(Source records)
=== Begin Enclosure ===

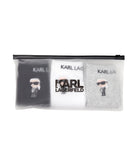 Karl Lagerfeld Unisex 3 Pack Socks Set In Multi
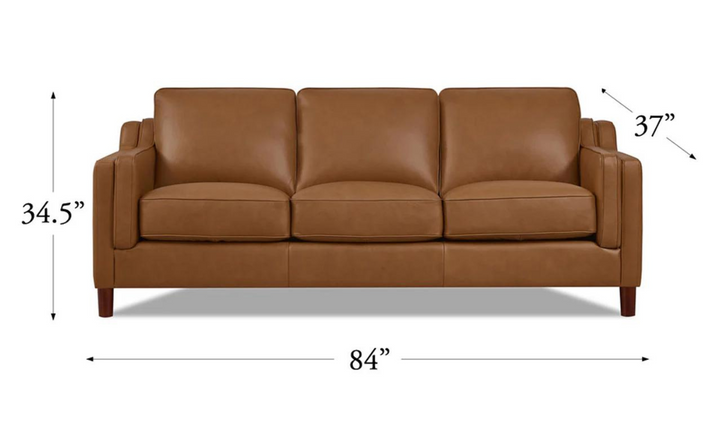 Bella Leather 3-Seater Sofa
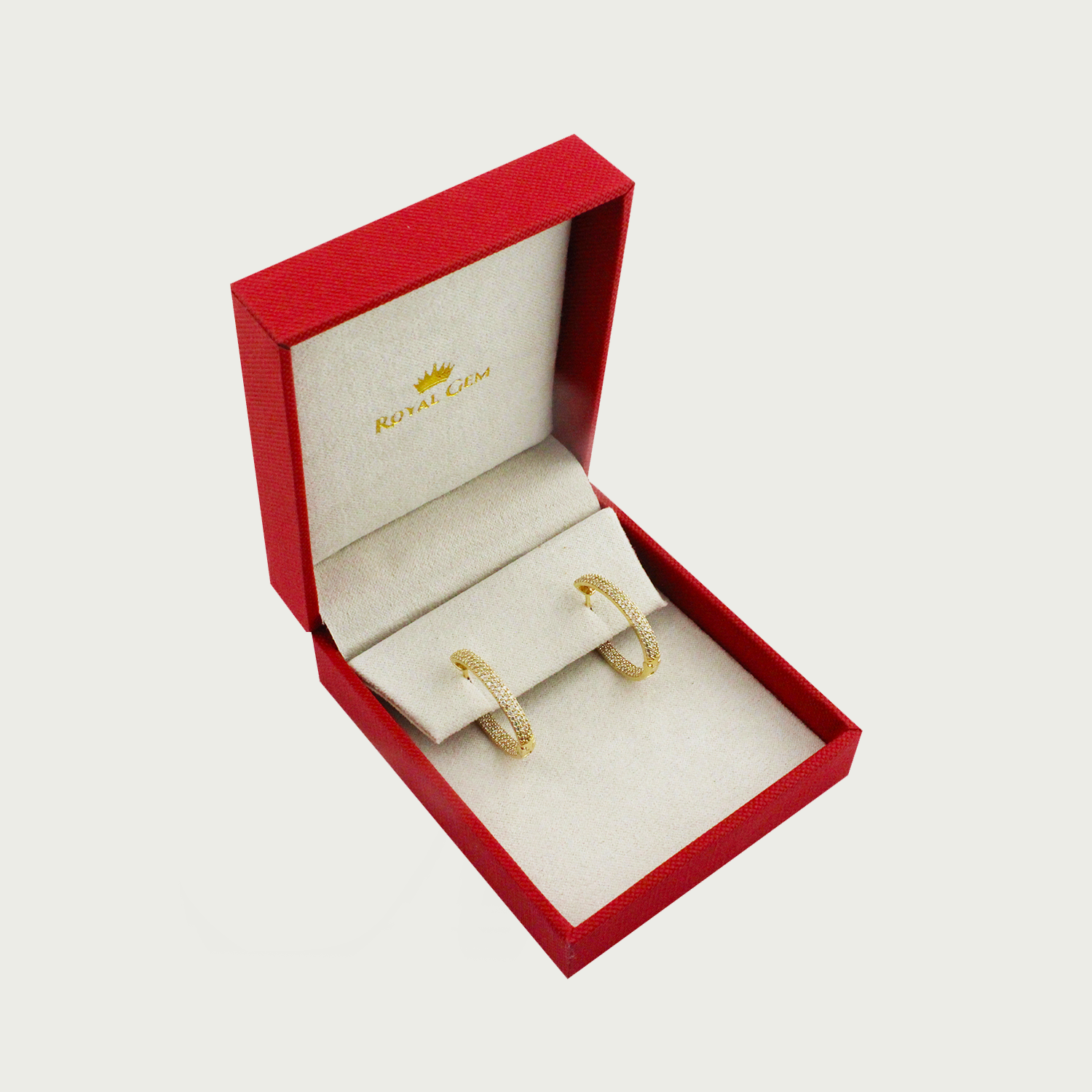 Infinite Promise Diamond Hoop Earrings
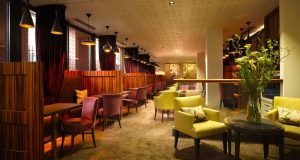 A bar lounge area at Pavilion 96 Kensington High Street in London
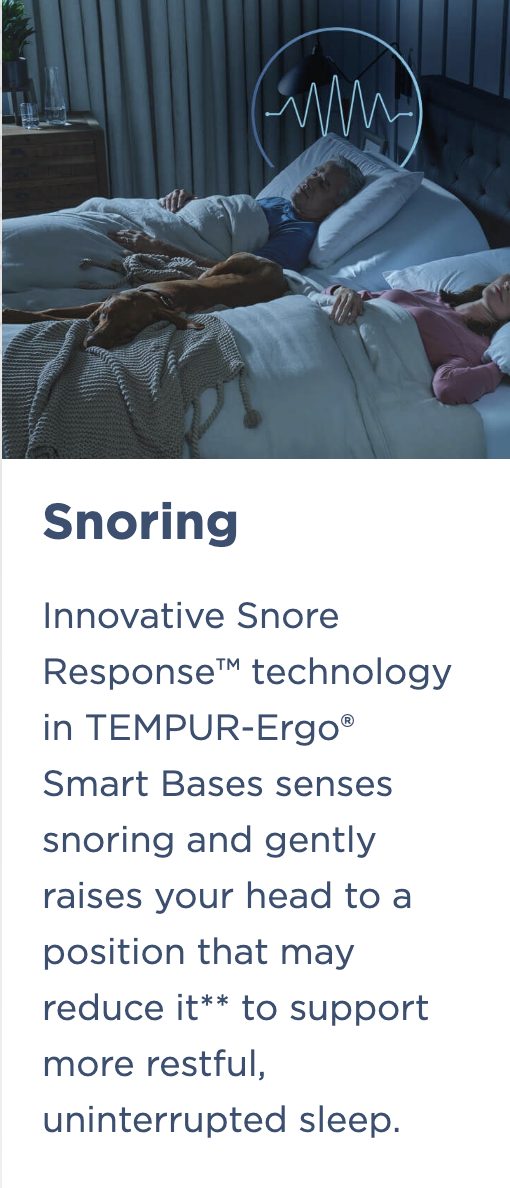 Tempur-Pedic solution for a sleep problem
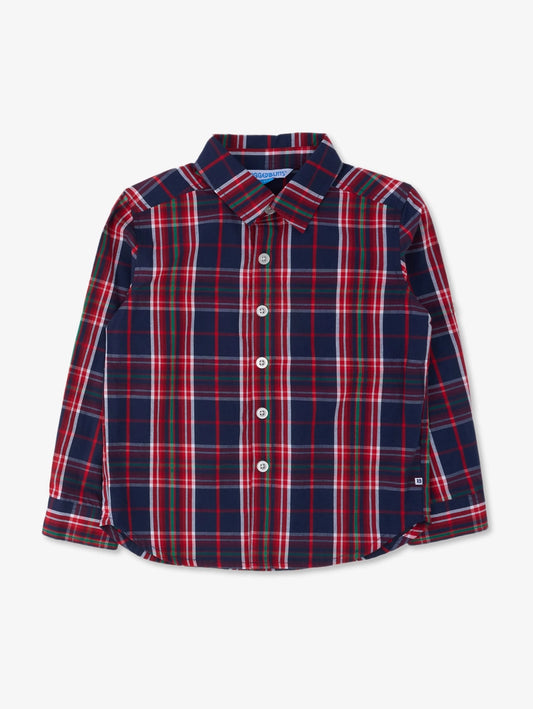 Boys Plaid Button Down - Nicholas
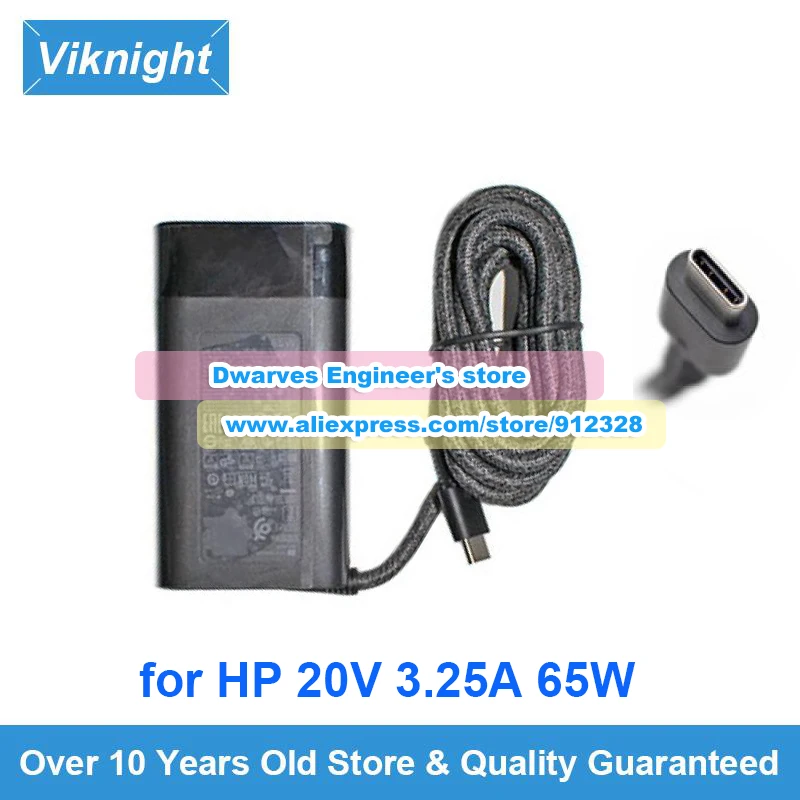 

Genuine 20V 3.25A 65W AC Adapter PA-1650-38HT TPN-CA10 TPN-LA12 For SPECTRE X360 13 ELITEBOOK X360 1030 G4 850 G5 PRO X2 612 G2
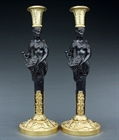 Picture of Rare pair of Berlin Iron candlesticks attributed to Karl Friedrich Schinkel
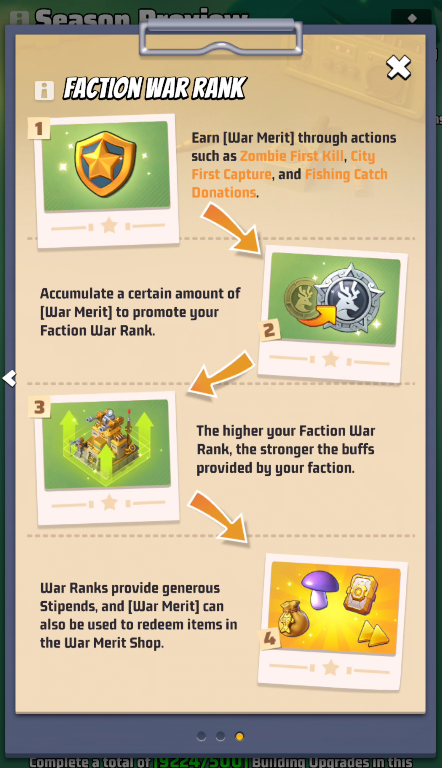 Season 6 Lost Rainforest - Day 2 - Faction War Rank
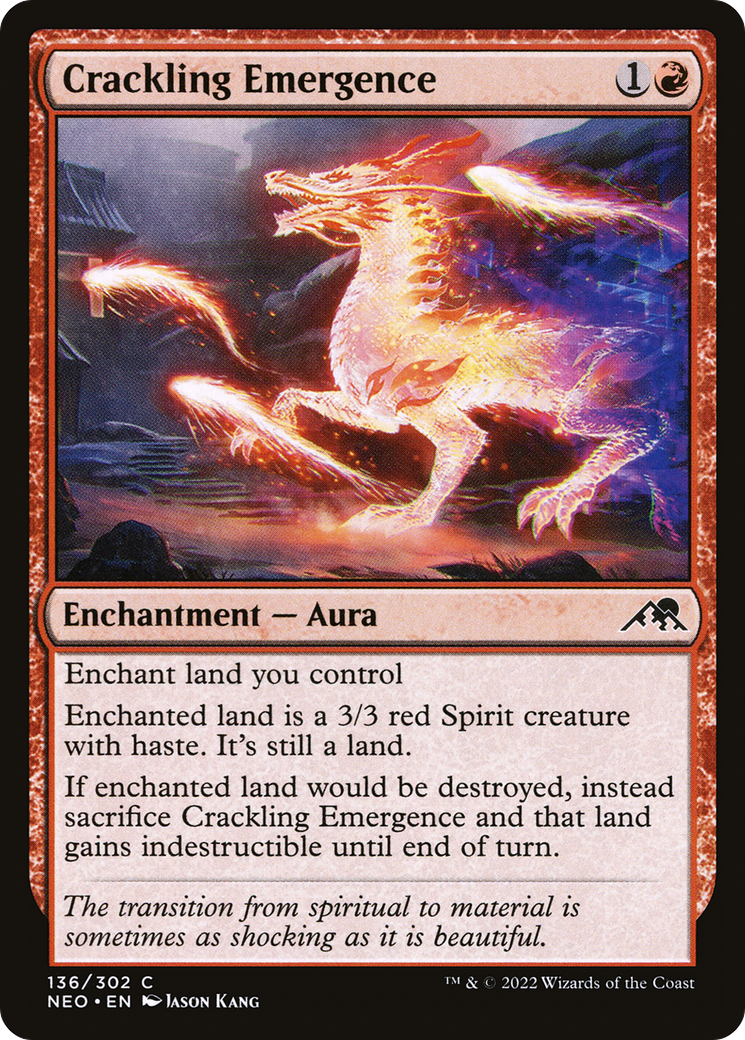 Crackling Emergence (NEO-136)  Foil - Kamigawa: Neon Dynasty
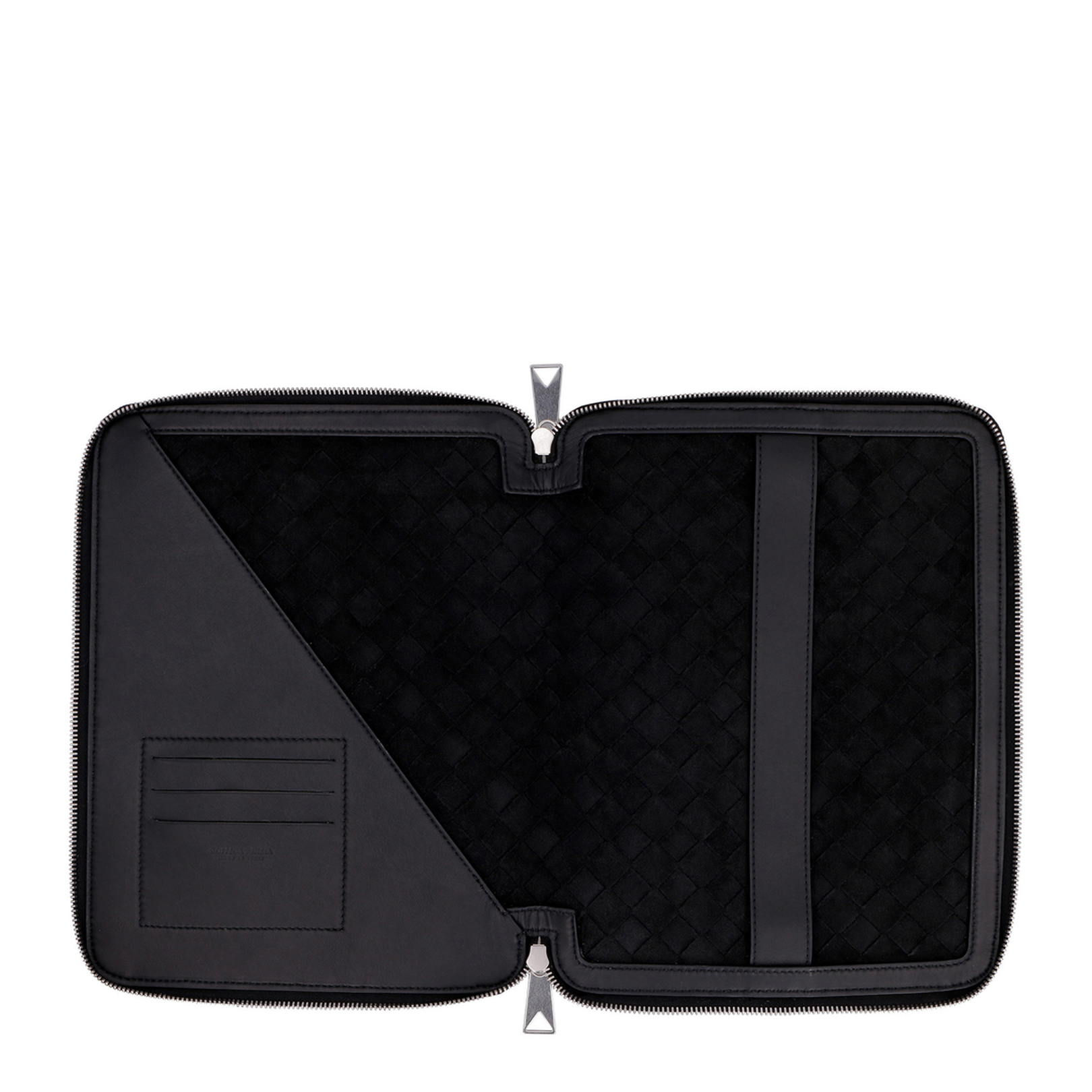 Intrecciato Leather Laptop Bags - Black - Image 4
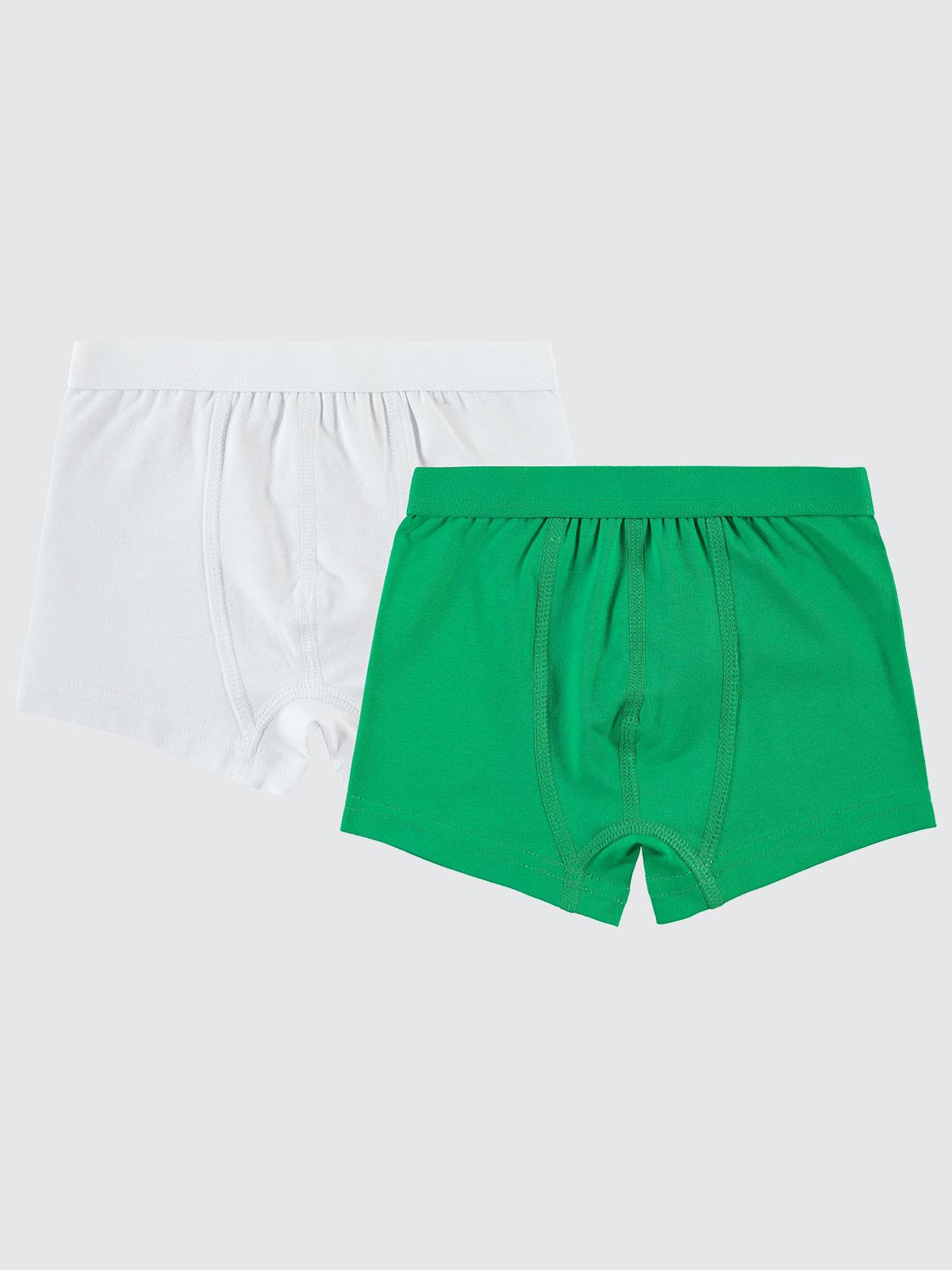 Civil Erkek Çocuk Basic 2'li Boxer Set | Likralı Süprem | Okul Kreş ve Günlük Kullanım - Yeşil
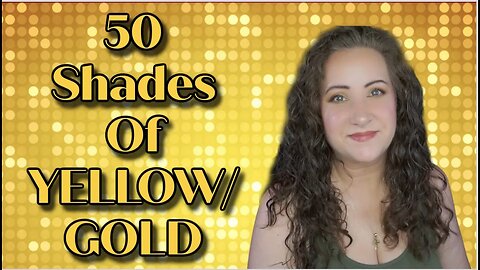 50 Shades Of YELLOW and GOLD Project Pan INTRO | Jessica Lee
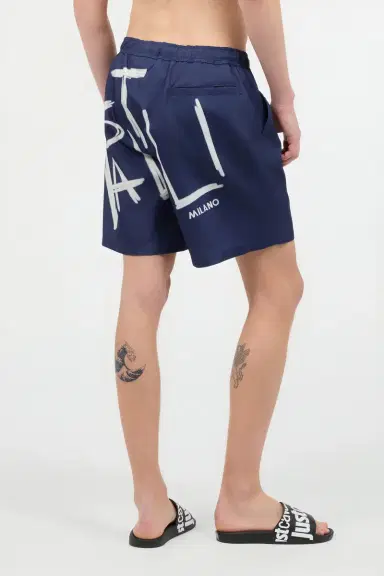 Roberto Cavalli Swim Shorts With Lettering | Thumbnail 3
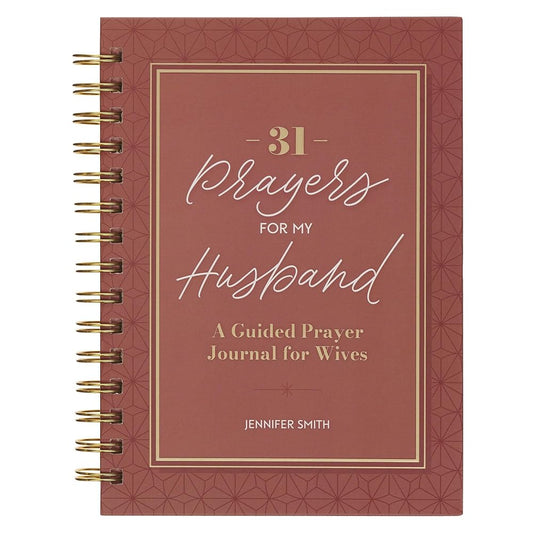 31 Prayers for My Husband: A Guided Prayer Journal cover image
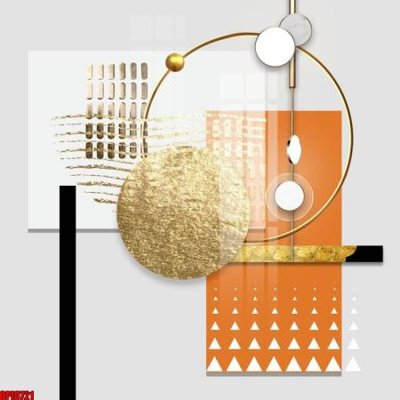 File gốc file tranh bộ decor in treo tường tráng gương OPIC721 (trang trí) cho phòng khách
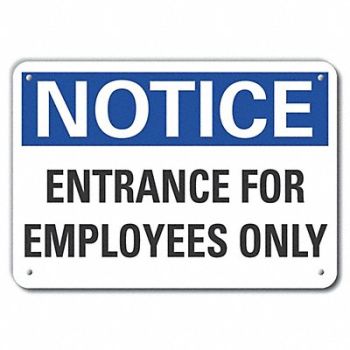 LYLE Employee Visitor NoteSign 7x10in Plastic, 64NM97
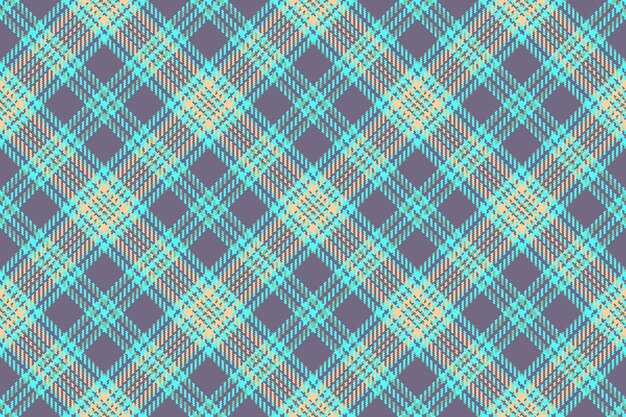 Vector de patrón de tartán de fondo de tela escocesa de verificación de textura textil sin costura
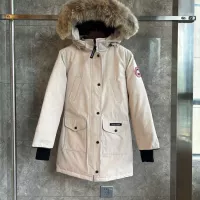 Cheap Canada Goose Down Feather Coat Long Sleeved For Women #1374551 Replica Wholesale [$205.00 USD] [ITEM#1374551] on Replica Canada Goose Down Feather Coat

=== End Enclosure ===

**What the task asks**:
Retype each line of the records exactly as it reads; no pictures belong in the copy.

**Response**:
 Karl Lagerfeld Unisex 3 Pack Socks Set In Multi
 Bella Leather 3-Seater Sofa
 Infinite Promise Diamond Hoop Earrings
 A bar lounge area at Pavilion 96 Kensington High Street in London
 Tempur-Pedic solution for a sleep problem
 Boys Plaid Button Down - Nicholas

Genuine 20V 3.25A 65W AC Adapter PA-1650-38HT TPN-CA10 TPN-LA12 For SPECTRE X360 13 ELITEBOOK X360 1030 G4 850 G5 PRO X2 612 G2
 Picture of Rare pair of Berlin Iron candlesticks attributed to Karl Friedrich Schinkel
 Season 6 Lost Rainforest - Day 2 - Faction War Rank
 Crackling Emergence (NEO-136)  Foil - Kamigawa: Neon Dynasty
 Intrecciato Leather Laptop Bags - Black - Image 4
 Civil Erkek Çocuk Basic 2'li Boxer Set | Likralı Süprem | Okul Kreş ve Günlük Kullanım - Yeşil
 50 Shades Of YELLOW and GOLD Project Pan INTRO | Jessica Lee
 Roberto Cavalli Swim Shorts With Lettering | Thumbnail 3
 31 Prayers for My Husband: A Guided Prayer Journal cover image
 File gốc file tranh bộ decor in treo tường tráng gương OPIC721 (trang trí) cho phòng khách
 LYLE Employee Visitor NoteSign 7x10in Plastic, 64NM97
 Vector de patrón de tartán de fondo de tela escocesa de verificación de textura textil sin costura
 Cheap Canada Goose Down Feather Coat Long Sleeved For Women #1374551 Replica Wholesale [$205.00 USD] [ITEM#1374551] on Replica Canada Goose Down Feather Coat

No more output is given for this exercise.